Once the images are set aside, write out the rest of the records exactly.

++++++

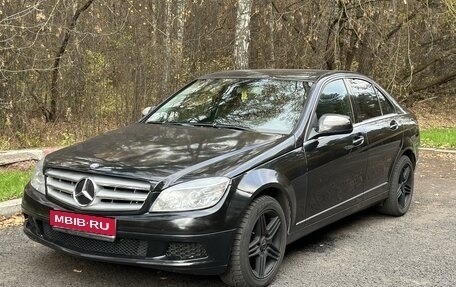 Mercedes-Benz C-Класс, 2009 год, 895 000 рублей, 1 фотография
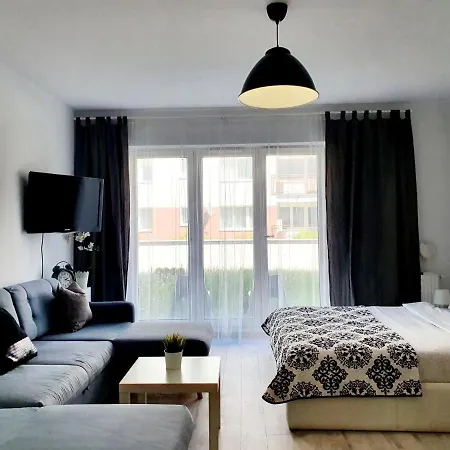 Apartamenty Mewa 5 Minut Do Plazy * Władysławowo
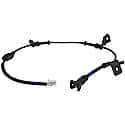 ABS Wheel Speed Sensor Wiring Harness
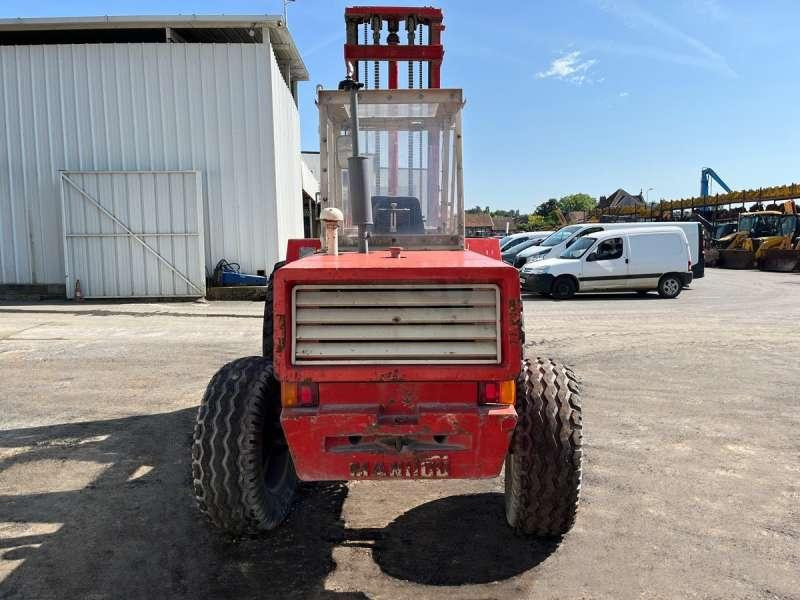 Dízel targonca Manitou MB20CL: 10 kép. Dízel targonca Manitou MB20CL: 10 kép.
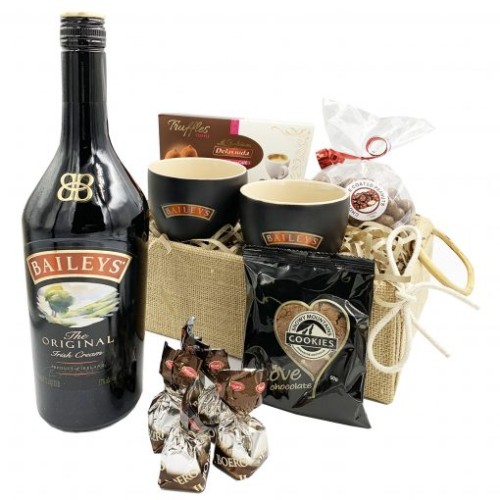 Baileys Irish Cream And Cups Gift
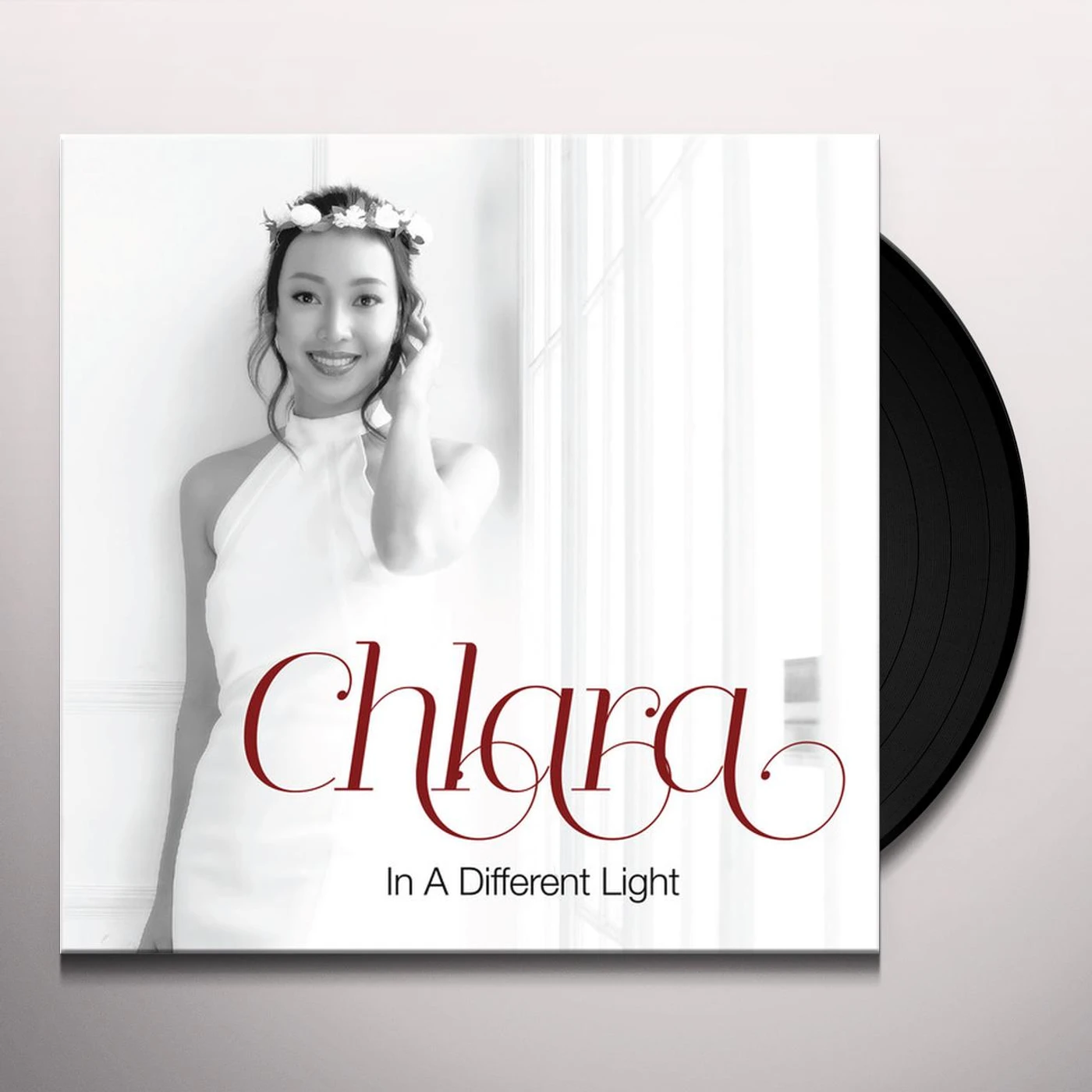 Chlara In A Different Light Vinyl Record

++++++

◆ RESULT OF THE TASK ◆
 Mercedes-Benz C-Класс, 2009 год, 895 000 рублей, 1 фотография
 Apartamenty Mewa 5 Minut Do Plazy * Władysławowo
 ABS Wheel Speed Sensor Wiring Harness
 Dízel targonca Manitou MB20CL: 10 kép. Dízel targonca Manitou MB20CL: 10 kép.
 Baileys Irish Cream And Cups Gift
 Chlara In A Different Light Vinyl Record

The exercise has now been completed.